**Task inputs**
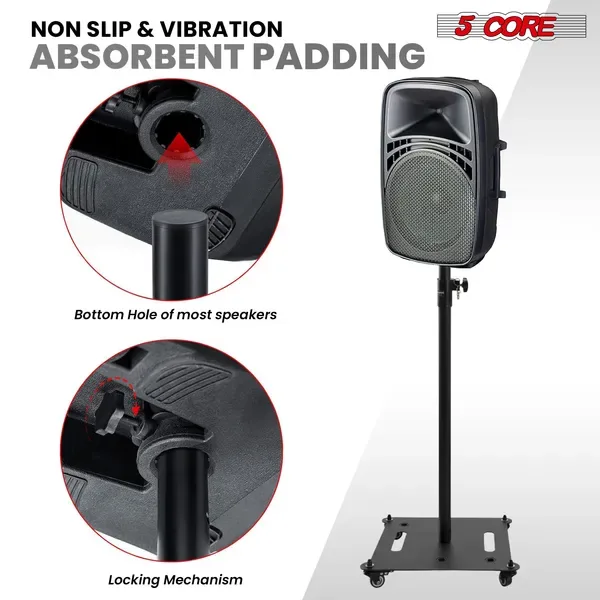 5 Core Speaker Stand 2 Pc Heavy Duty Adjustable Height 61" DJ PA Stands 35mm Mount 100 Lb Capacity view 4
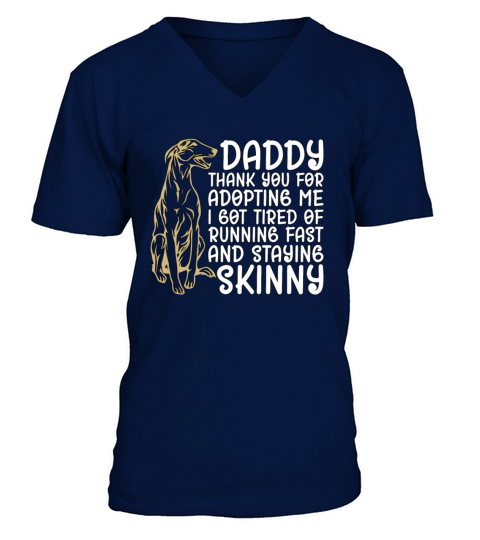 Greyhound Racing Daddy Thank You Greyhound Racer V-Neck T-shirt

* * *

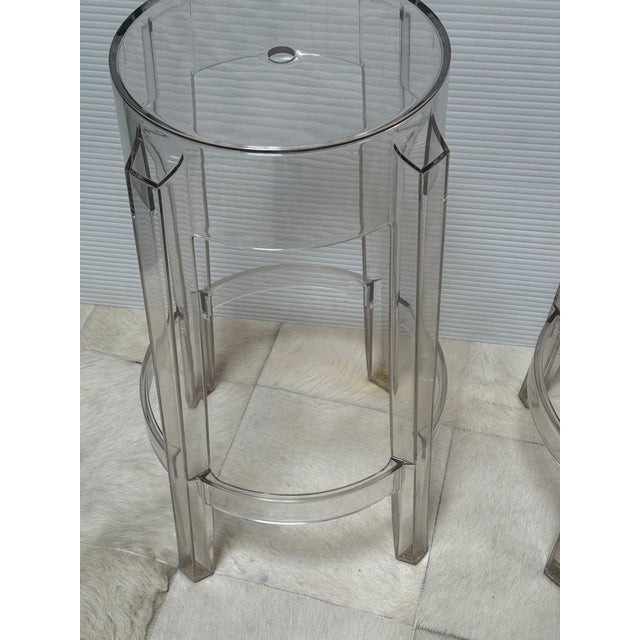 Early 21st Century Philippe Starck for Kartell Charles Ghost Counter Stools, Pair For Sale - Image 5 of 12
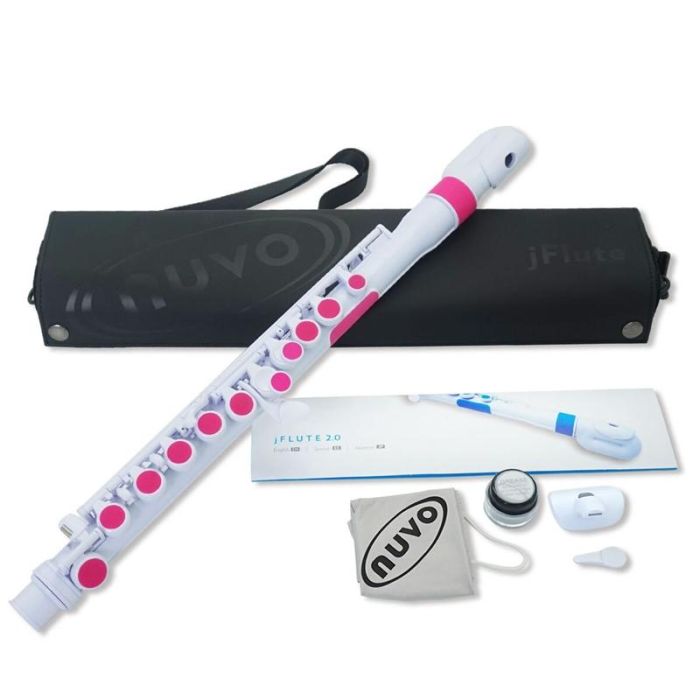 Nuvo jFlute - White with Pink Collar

**What to do**
Output exactly the lines above, beginning at the one with "Early 21st Century" and stopping after the one with "Nuvo jFlute - White with Pink Collar". Pictures are to be omitted.

**Task result**
 Early 21st Century Philippe Starck for Kartell Charles Ghost Counter Stools, Pair For Sale - Image 5 of 12
 Nuvo jFlute - White with Pink Collar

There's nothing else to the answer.